There is also an issue with directory write-ability. Users will not be able to write to the top-level directory of the chroot() due to the strong permissions that are required. If you want your user to be able to create files and directories they will need to change into a directory off of “/” prior to doing so. If you want to place the user into this directory you can replace the home directory field in /etc/passwd with this directory:
$ grep user /etc/passwd
user:x:502:502::/home:/bin/bash
In this example user will be chroot’ed into /chroot/user, then a chdir() will occur and the user will be placed into the directory home:
$ sftp -o Port=222 user@192.168.1.25
Connecting to 192.168.1.25…
user@192.168.1.25′s password:
sftp> pwd
Remote working directory: /home
With a little understanding the OpenSSH chroot() implementation can definitely be made quite usable.
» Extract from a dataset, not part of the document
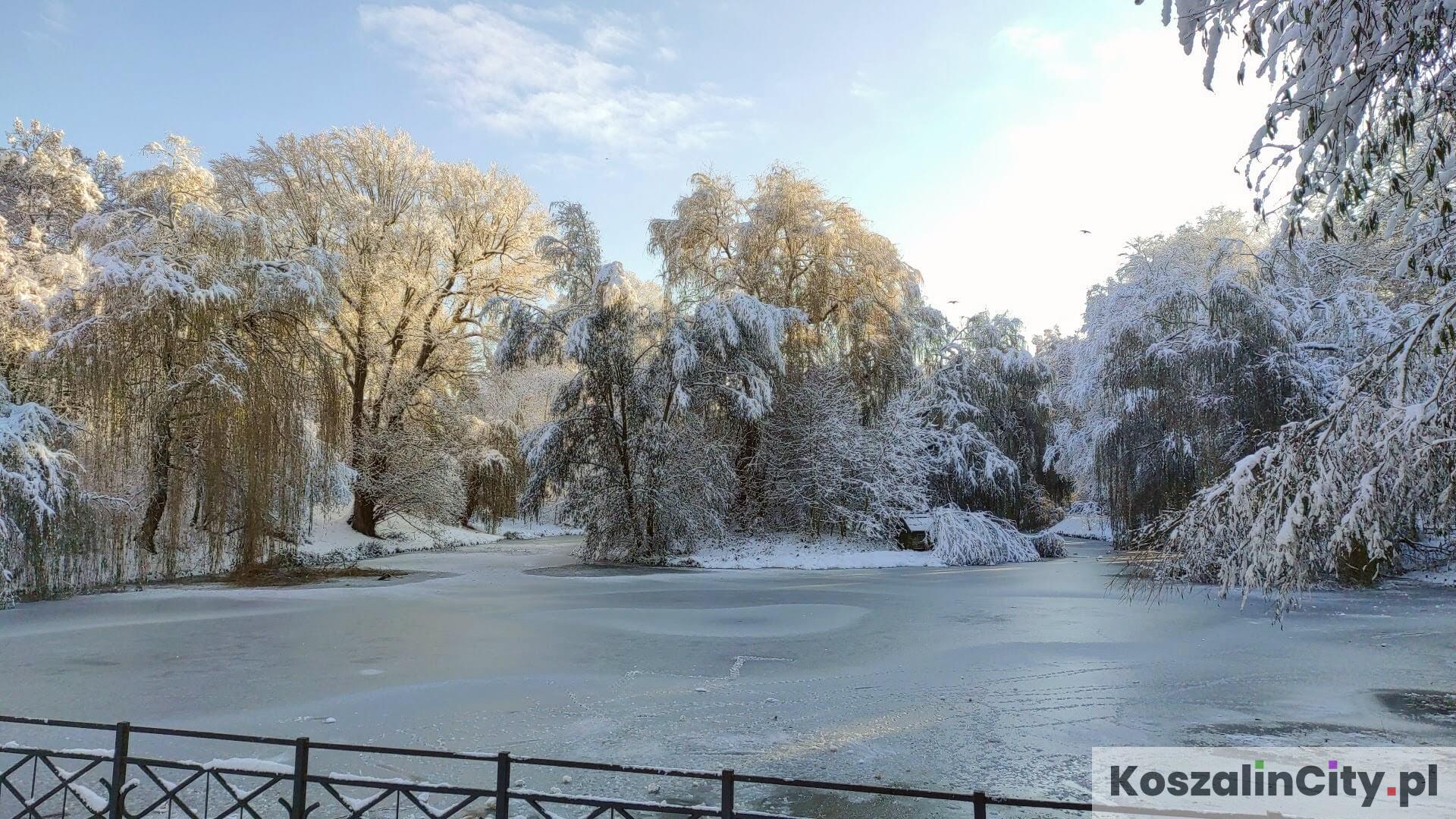 Zamarznięty staw w Parku Książąt Pomorskich w Koszalinie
If you are using SSH key-based authentication you should be encrypting your private key. This ensures that if someone breaks into your server and steals your keys, they won’t be able to utilize them to access other systems. If your private key isn’t encrypted you can use the ssh-keygen utilities “-p” option to do so:
$ ssh-keygen -p -f id_dsa
Enter old passphrase:
Key has comment ‘id_dsa’
Enter new passphrase (empty for no passphrase):
Enter same passphrase again:
Your identification has been saved with the new passphrase.
This option can be used to change the password used to encrypt a private key, and to add a password to an existing private key. Viva la OpenSSH!